Evans sounds alarm on D.C. budget
Amid growing concern that the District's finances are headed for disaster, D.C. Council member Jack Evans voted against the budget for the first time in his 20 years on the Council -- the only Council member to vote against the budget when it passed last week.
But Evans, the chairman of the Committee on Finance and Revenue, does have a powerful ally -- The Washington Post. A Friday editorial headlined "D.C.'s Crash-and-Burn Budget" blamed Mayor Adrian Fenty and Council Chair cum Mayoral candidate Vincent Gray.
"Mr. Fenty submitted a flawed spending plan," The Post wrote. "Mr. Gray made it marginally worse…Instead of slowing spending, they opted to borrow more money, extend the reach of the sales tax and engage in some wishful thinking about taxing nonresident city government workers.”

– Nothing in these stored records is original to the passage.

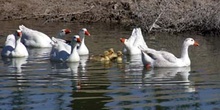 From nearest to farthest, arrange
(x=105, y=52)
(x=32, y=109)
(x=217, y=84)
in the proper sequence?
(x=32, y=109), (x=217, y=84), (x=105, y=52)

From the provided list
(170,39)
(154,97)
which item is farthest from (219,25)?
(154,97)

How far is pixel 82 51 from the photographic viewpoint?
19.9m

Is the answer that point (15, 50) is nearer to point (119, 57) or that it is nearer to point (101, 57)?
point (101, 57)

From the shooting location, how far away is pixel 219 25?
2383 centimetres


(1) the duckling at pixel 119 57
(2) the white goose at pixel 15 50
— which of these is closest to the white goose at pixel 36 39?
(2) the white goose at pixel 15 50

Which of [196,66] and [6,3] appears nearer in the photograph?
[196,66]

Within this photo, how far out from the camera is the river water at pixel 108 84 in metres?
12.6

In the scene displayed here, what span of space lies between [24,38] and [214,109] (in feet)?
37.1

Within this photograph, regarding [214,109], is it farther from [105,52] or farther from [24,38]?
[24,38]

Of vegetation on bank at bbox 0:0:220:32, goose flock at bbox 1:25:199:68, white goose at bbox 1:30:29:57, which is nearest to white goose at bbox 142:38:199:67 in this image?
goose flock at bbox 1:25:199:68

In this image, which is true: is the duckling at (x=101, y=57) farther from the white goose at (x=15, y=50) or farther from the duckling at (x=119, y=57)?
the white goose at (x=15, y=50)

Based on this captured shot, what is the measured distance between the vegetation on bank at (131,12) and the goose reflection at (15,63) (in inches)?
280

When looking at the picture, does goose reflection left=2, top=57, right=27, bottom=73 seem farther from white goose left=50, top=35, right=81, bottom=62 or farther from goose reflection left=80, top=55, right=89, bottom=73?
goose reflection left=80, top=55, right=89, bottom=73

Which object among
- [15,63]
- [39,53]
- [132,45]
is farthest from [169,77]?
[39,53] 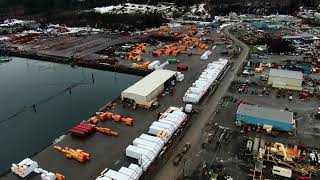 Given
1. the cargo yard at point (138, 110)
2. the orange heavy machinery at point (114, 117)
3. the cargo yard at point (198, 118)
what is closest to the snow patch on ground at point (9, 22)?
the cargo yard at point (138, 110)

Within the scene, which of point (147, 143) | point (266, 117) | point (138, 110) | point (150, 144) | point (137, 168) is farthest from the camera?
point (138, 110)

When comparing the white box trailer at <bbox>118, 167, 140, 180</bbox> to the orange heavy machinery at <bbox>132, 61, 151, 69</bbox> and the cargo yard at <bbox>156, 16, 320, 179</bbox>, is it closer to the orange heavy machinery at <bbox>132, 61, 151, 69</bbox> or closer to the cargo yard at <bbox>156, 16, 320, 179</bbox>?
the cargo yard at <bbox>156, 16, 320, 179</bbox>

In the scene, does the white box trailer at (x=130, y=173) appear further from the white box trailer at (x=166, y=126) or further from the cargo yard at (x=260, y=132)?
the white box trailer at (x=166, y=126)

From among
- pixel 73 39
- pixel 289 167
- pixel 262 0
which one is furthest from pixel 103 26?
pixel 289 167

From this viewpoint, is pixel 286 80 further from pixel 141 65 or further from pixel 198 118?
pixel 141 65

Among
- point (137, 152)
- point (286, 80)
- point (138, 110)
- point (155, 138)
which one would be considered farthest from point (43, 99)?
point (286, 80)

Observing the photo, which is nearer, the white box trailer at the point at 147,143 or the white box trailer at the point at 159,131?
the white box trailer at the point at 147,143

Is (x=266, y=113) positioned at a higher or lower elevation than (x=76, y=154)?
higher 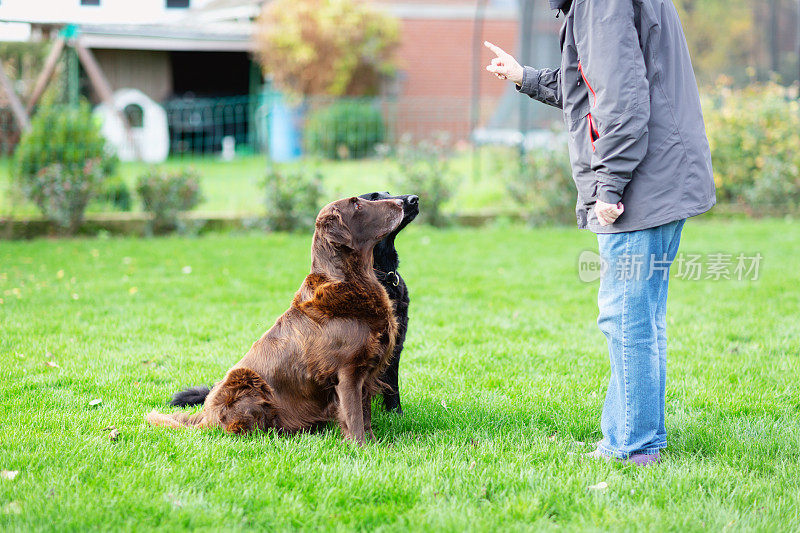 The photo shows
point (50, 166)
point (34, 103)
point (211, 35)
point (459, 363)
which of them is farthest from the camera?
point (211, 35)

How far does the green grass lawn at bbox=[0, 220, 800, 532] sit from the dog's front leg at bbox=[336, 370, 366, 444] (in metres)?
0.11

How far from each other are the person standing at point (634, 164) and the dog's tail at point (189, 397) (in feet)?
6.88

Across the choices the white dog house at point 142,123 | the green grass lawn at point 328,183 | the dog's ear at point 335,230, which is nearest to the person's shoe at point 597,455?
the dog's ear at point 335,230

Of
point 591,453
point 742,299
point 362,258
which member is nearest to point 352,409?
point 362,258

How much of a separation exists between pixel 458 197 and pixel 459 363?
243 inches

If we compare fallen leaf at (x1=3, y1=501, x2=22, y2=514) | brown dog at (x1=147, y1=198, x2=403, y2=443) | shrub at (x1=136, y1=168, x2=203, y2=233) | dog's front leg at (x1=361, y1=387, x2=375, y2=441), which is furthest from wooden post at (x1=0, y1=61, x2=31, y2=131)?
fallen leaf at (x1=3, y1=501, x2=22, y2=514)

"When you entertain the notion of a commuter tax," chimed in Council Chair candidate Vincent Orange on the D.C. Politics Hour with Kojo Nnamdi and NBC4's Tom Sherwood, "You're playing games."
Evans, however, was praised for sounding the fiscal alarm: “It's inevitable, as Mr. Evans told his colleagues, that they… will have to confront the city's fiscal problems," the Post wrote. By "postponing that task, they only make it more difficult.” Saturday, Pulitzer Prize-winning columnist Colbert I. King was -- unusually -- in Jack’s corner. “May 26, 2010 will go down as the most politically craven day in modern D.C. government history,” he wrote. “I wouldn't have believed it if I hadn't seen it with my own eyes.” The Council’s approval of the Mayor’s $5.3 billion 2011 budget relies on the “same irresponsible borrowing and spending that caused Congress to step in to rescue us in the '90s,” he said in reference to a return of the Control Board. He concluded, “If the election were held today, all but Evans should go down the tubes.” Evans points out that the District government has been increasing its spending by $200 t0 300 million a year, financing the increased spending by dipping into it reserves (down by $500 billion over the last three years), borrowing and other short-term measures. "As goofy as he can be, he is no doubt firmly in charge of the facts of the finances of this city," NBC4's Sherwood said.